REQUIRED ACTION:
Find the line that contains "Calgary, AB T2P1J3,2108, 930 6 Avenue SW". Copy it and every line after it to the end of the material below, exactly, with no pictures.

TASK MATERIAL section start

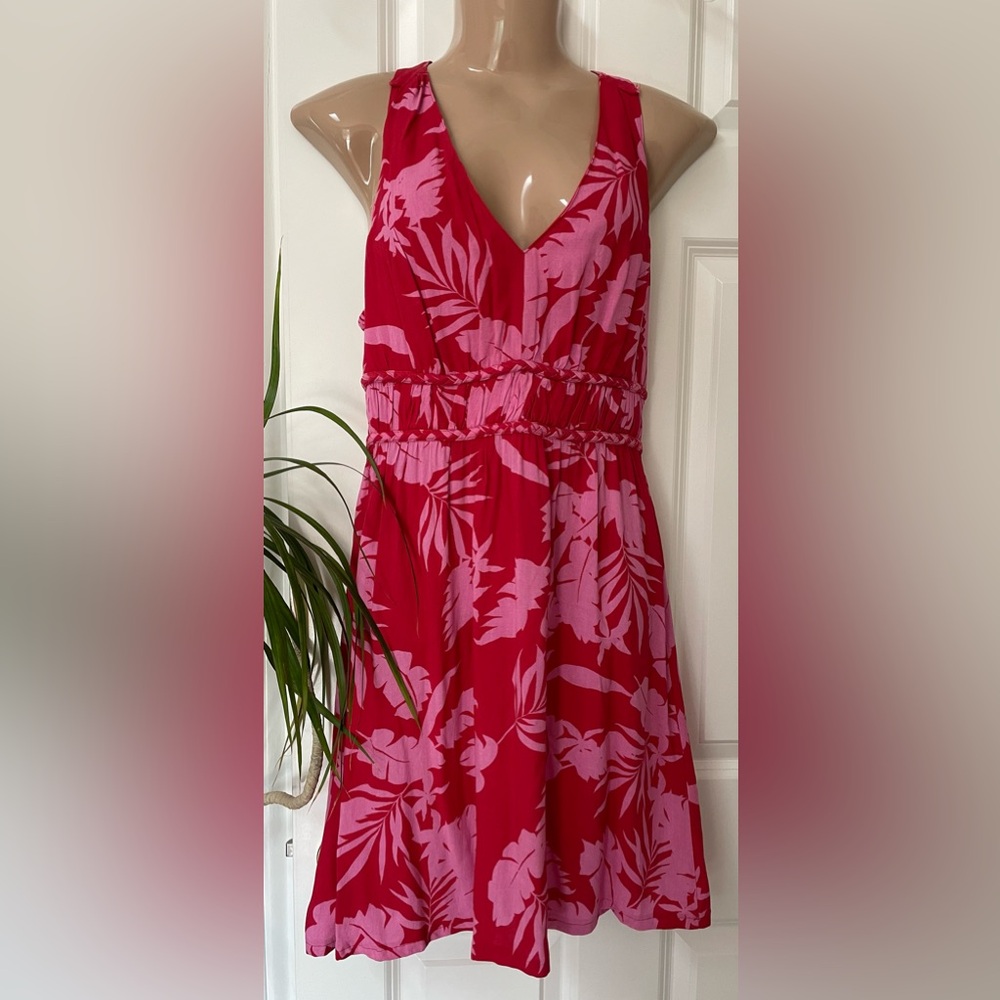 4 for $20 special 
NWT Japna Red/Pink V Neck & Razor Button Up Back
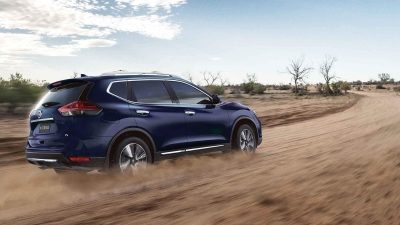 Nissan X-TRAIL on dirt road
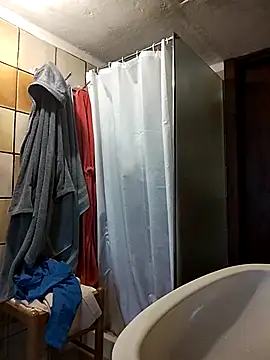 Snapshot of clarabell4 chatting on 10/07/25, 05:26 clarabell4 online show from 10/07/25, 05:26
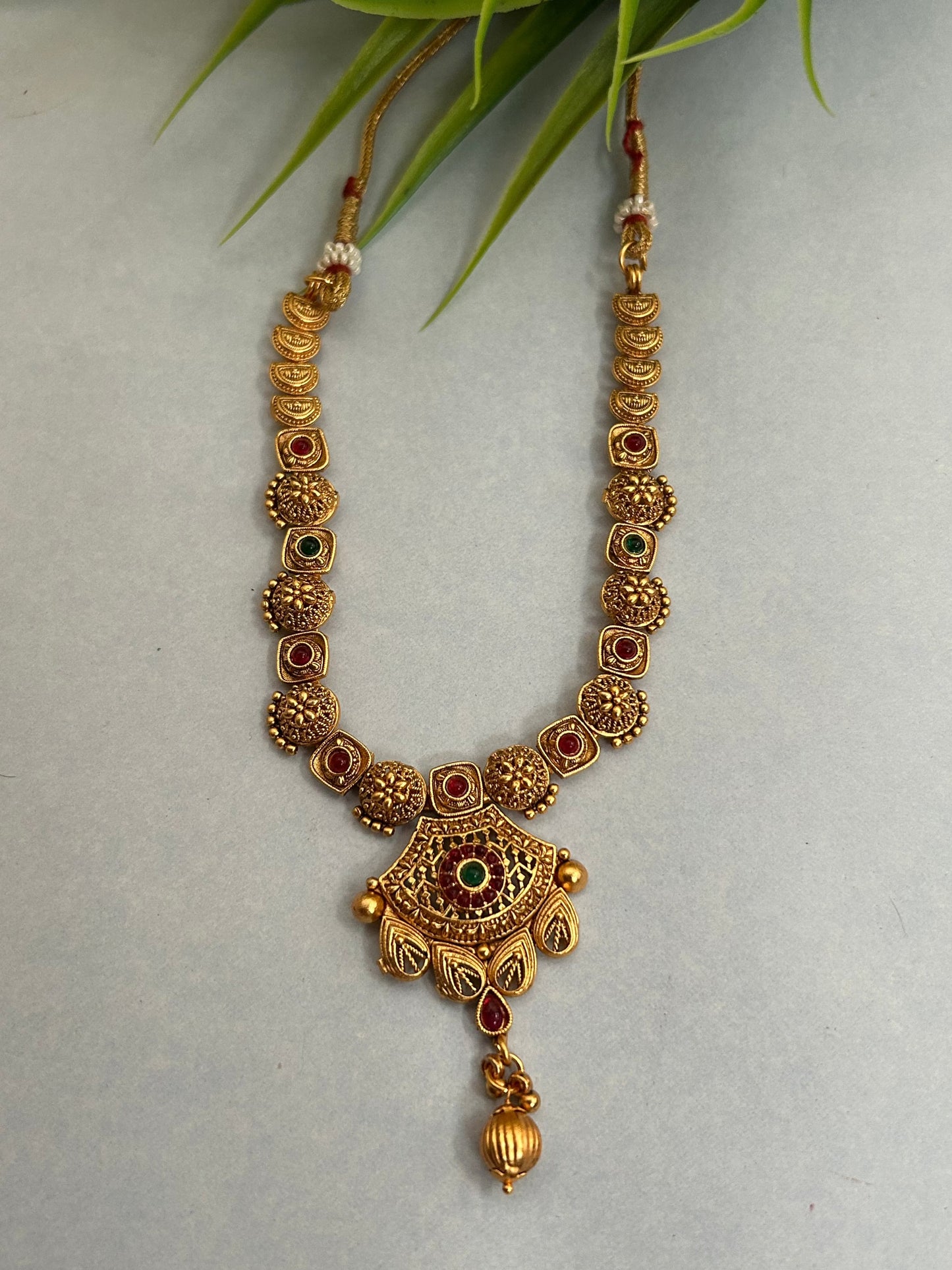 Luxehara Short Necklace with matching Earrings ( LHA 44 )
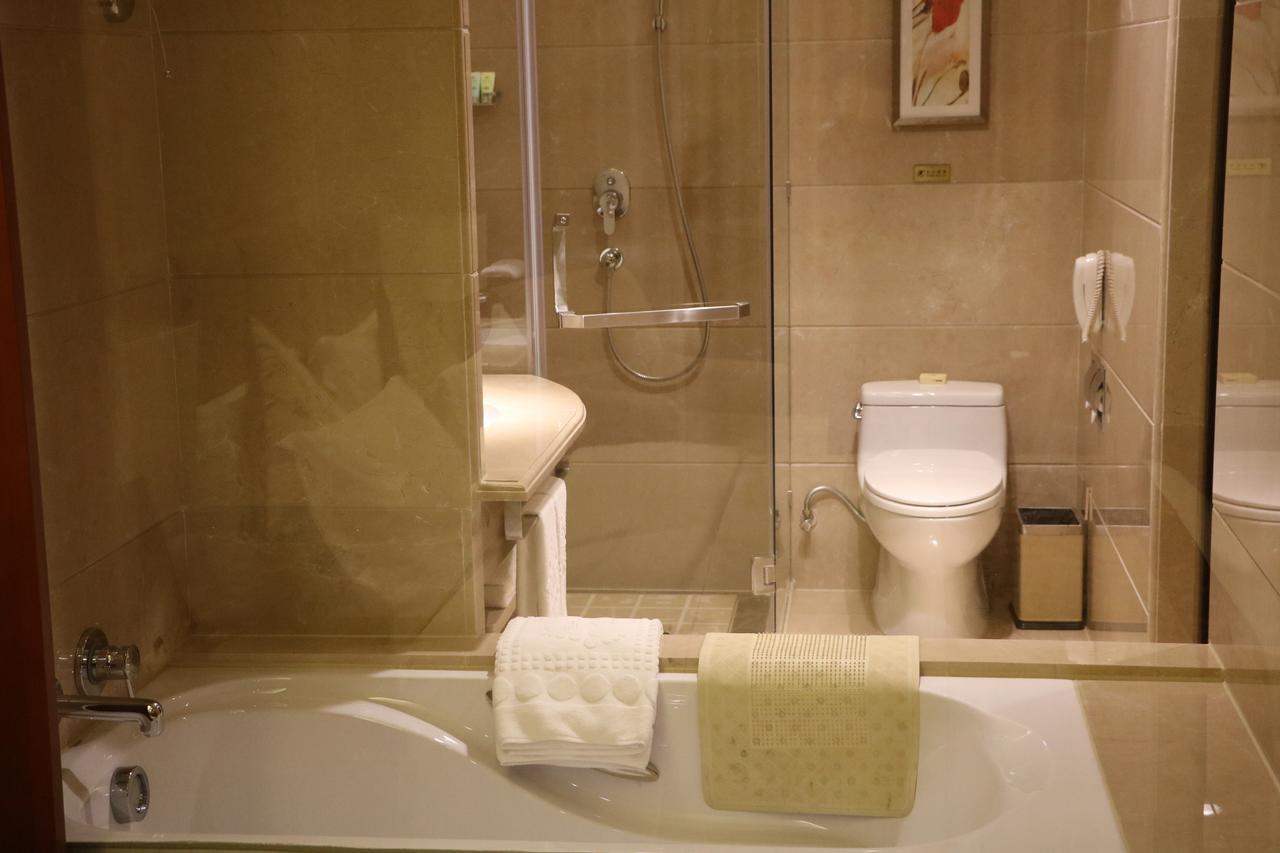 Rongjiang Hotel Jieyang Bagian luar foto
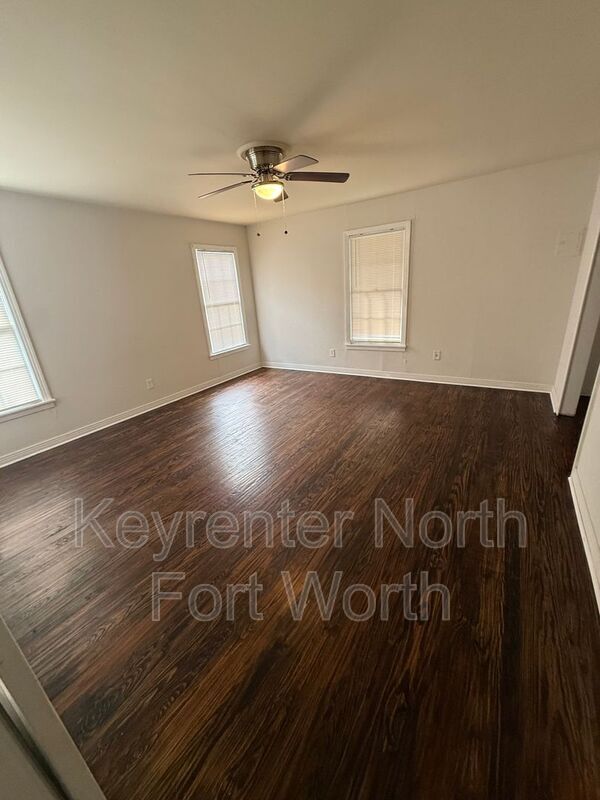 Building Photo - 3770 Wayside Ave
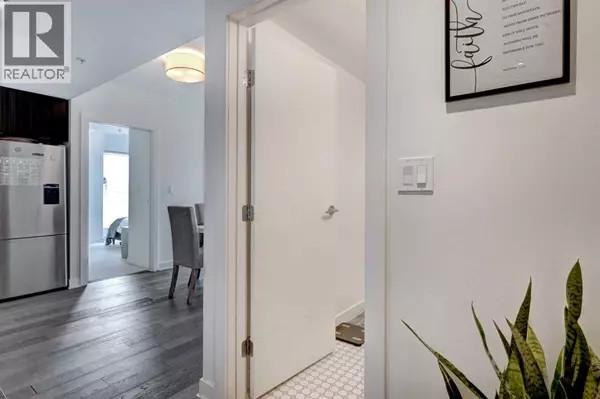 Calgary, AB T2P1J3,2108, 930 6 Avenue SW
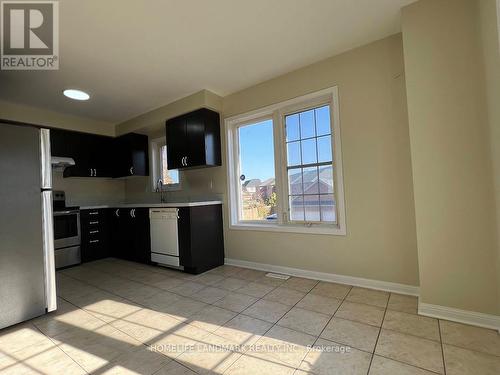 1 Nakina Way, Markham, ON - Indoor Photo Showing Kitchen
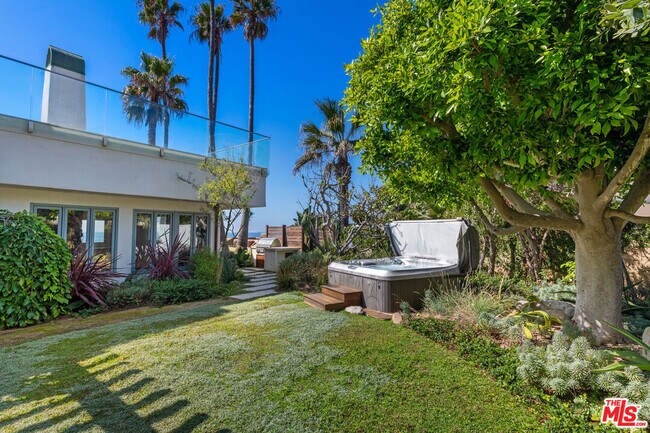 32054 Pacific Coast Hwy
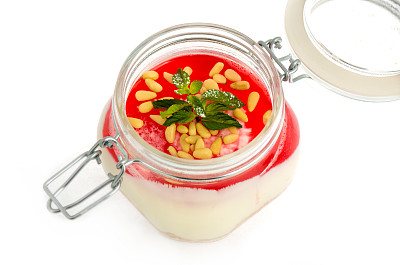 奶油自制芝士蛋糕配覆盆子泥和雪松果图片下载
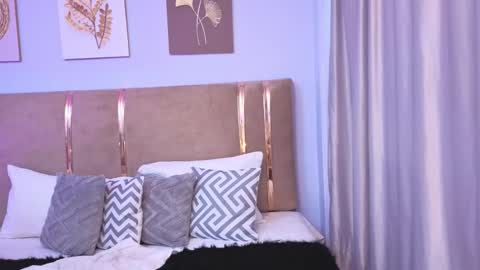 Mia online show from March 15, 12:52 pm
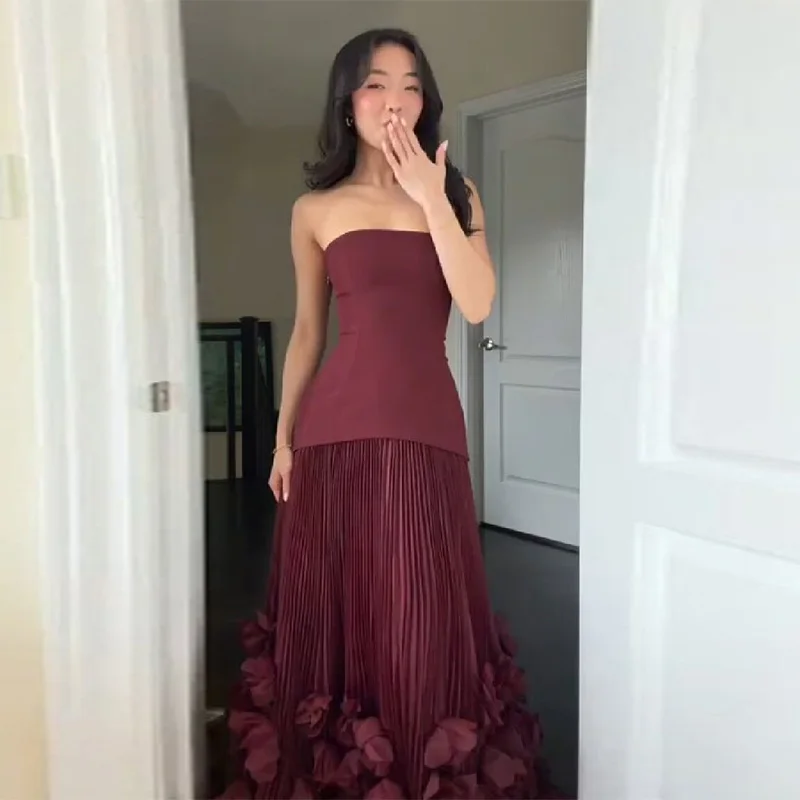 oasis red velvet dress Oasis red velvet dress with a sparkle through it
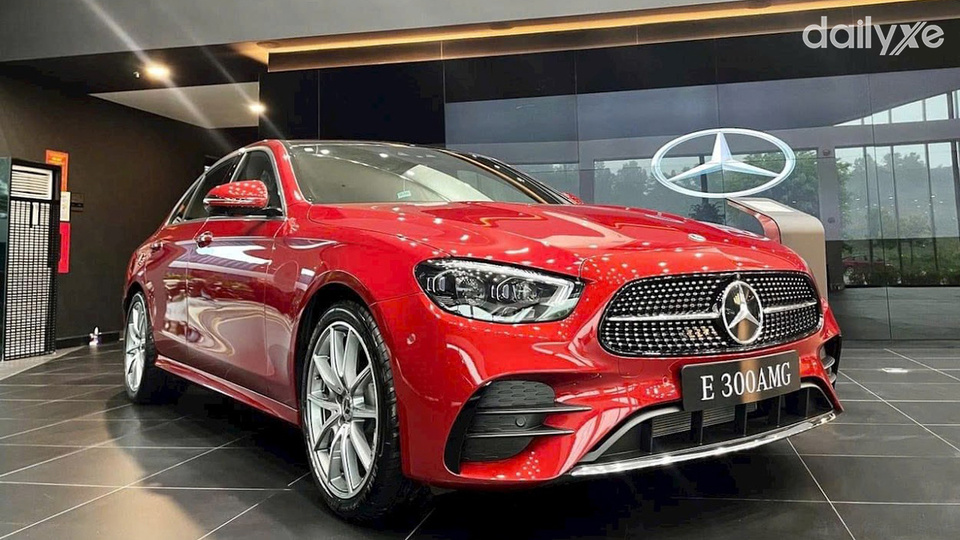 Phòng trưng bày xe tại Mercedes Hải Phòng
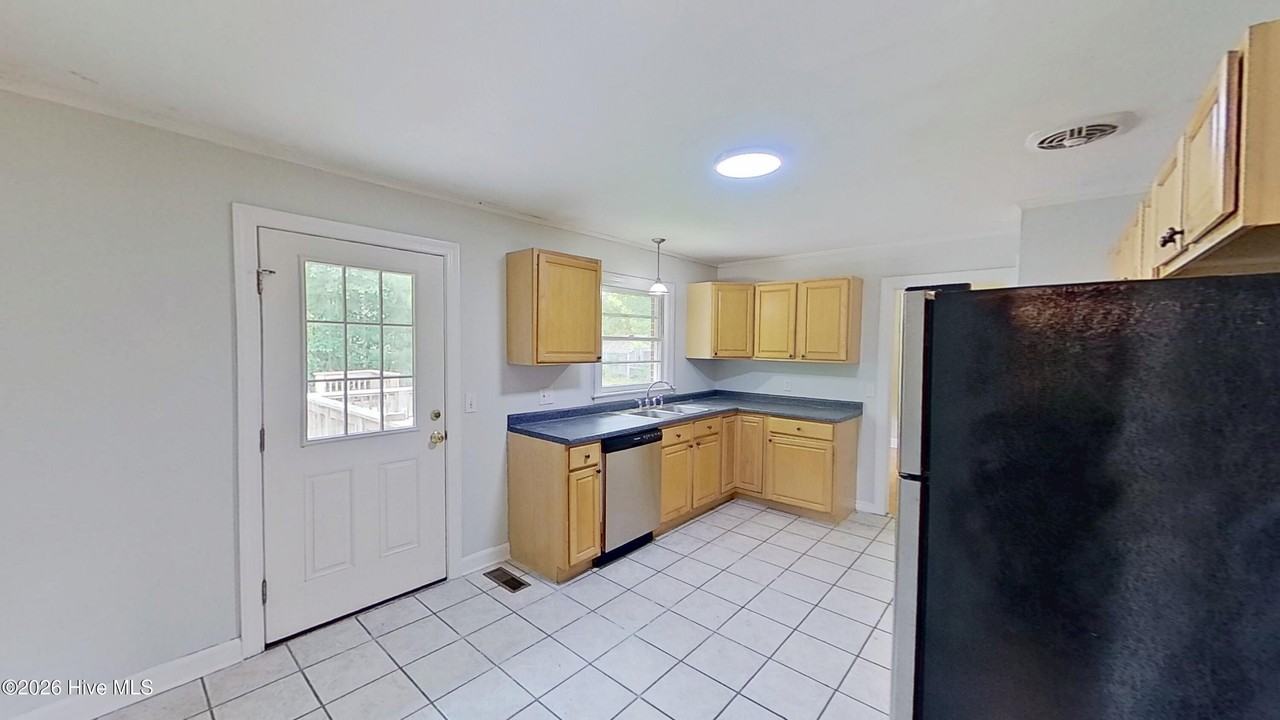 214 Huntington Rd - Photo 4 of 20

TASK MATERIAL section end

ANSWER AREA:
 Calgary, AB T2P1J3,2108, 930 6 Avenue SW
 1 Nakina Way, Markham, ON - Indoor Photo Showing Kitchen
 32054 Pacific Coast Hwy
 奶油自制芝士蛋糕配覆盆子泥和雪松果图片下载
 Mia online show from March 15, 12:52 pm
 oasis red velvet dress Oasis red velvet dress with a sparkle through it
 Phòng trưng bày xe tại Mercedes Hải Phòng
 214 Huntington Rd - Photo 4 of 20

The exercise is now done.